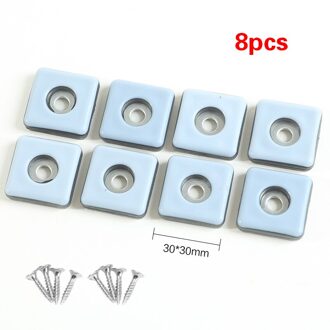 8 Stuks Ronde Vierkante Dikkere Meubels Pads Beschermt Voor Floor Oppervlak Anti Skid Scratch Tafels Been Anti-Slip Pads met Schroeven plein 30mm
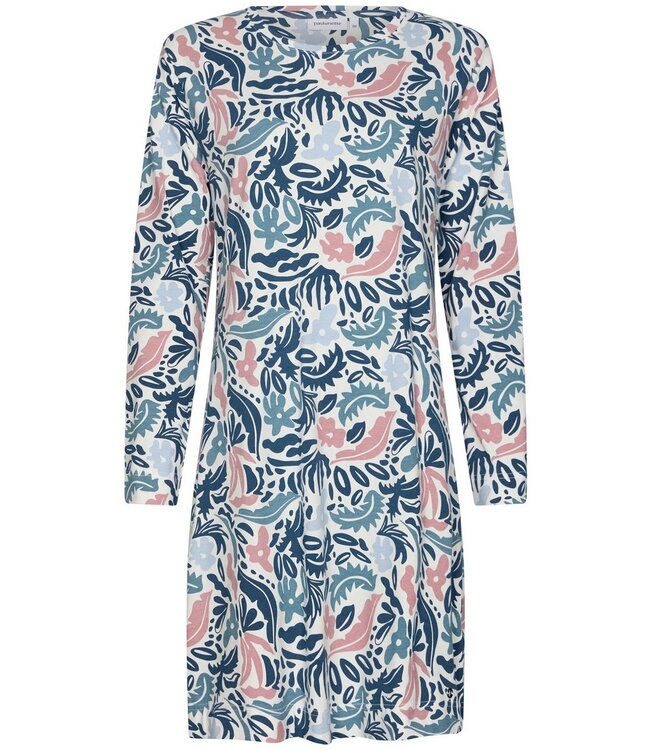 ladies long sleeve organic cotton-mix nightdress 'arty leafs'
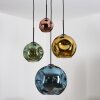 Ripoll Suspension, Boule lumineuse, Suspension grappe Bleu, Or, Vert, Cuivré, 4 lumières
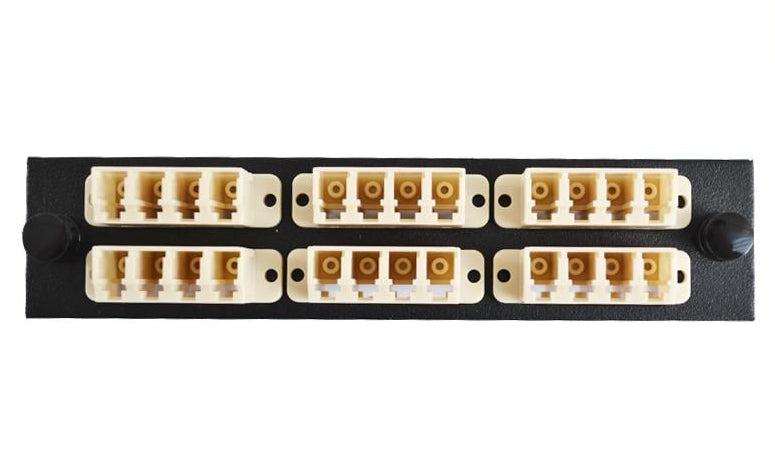 Adapter Plate 6-Pack LC Quad Multimode Beige Adapters Loaded (24 Fibers) Black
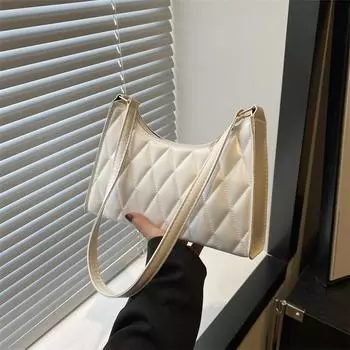 Сумка подмышкой с вышивкой ромбами, женская, летняя, 2024 года, новый иностранный стиль, однотонная, через плечо, корейская версия, повседневная сумка чёрный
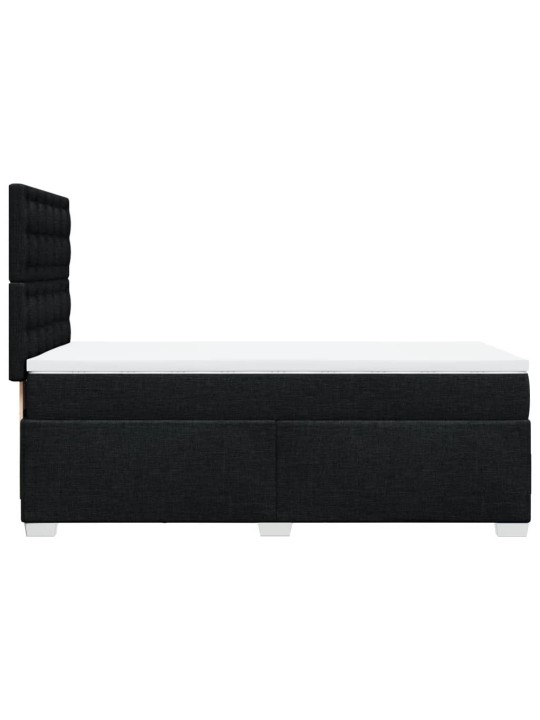 Kontinentālā gulta rāmis ar matraci, melna, 90x200 cm, audums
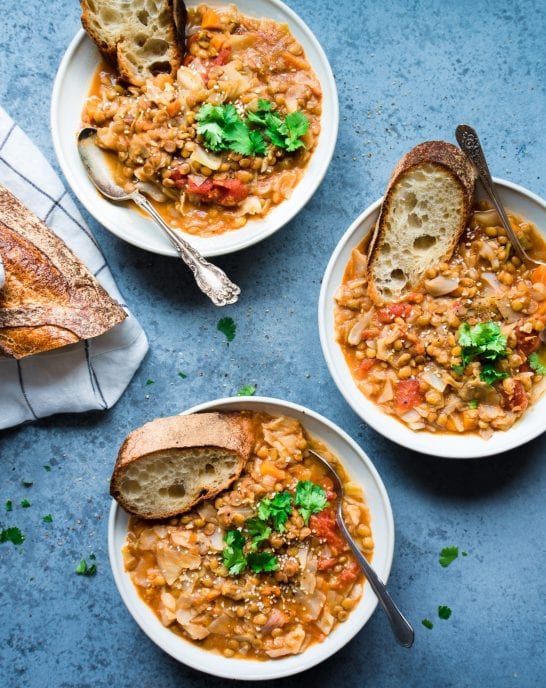 Vegan Instant Pot Lentil and Cabbage Soup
---*---
### TASK BRIEF
The whole listing is to be duplicated verbatim, apart from its images.

### REPLY TO THE TASK
 8 Stuks Ronde Vierkante Dikkere Meubels Pads Beschermt Voor Floor Oppervlak Anti Skid Scratch Tafels Been Anti-Slip Pads met Schroeven plein 30mm
 ladies long sleeve organic cotton-mix nightdress 'arty leafs'
 Ripoll Suspension, Boule lumineuse, Suspension grappe Bleu, Or, Vert, Cuivré, 4 lumières
 Adapter Plate 6-Pack LC Quad Multimode Beige Adapters Loaded (24 Fibers) Black
 Сумка подмышкой с вышивкой ромбами, женская, летняя, 2024 года, новый иностранный стиль, однотонная, через плечо, корейская версия, повседневная сумка чёрный
 Kontinentālā gulta rāmis ar matraci, melna, 90x200 cm, audums
 Vegan Instant Pot Lentil and Cabbage Soup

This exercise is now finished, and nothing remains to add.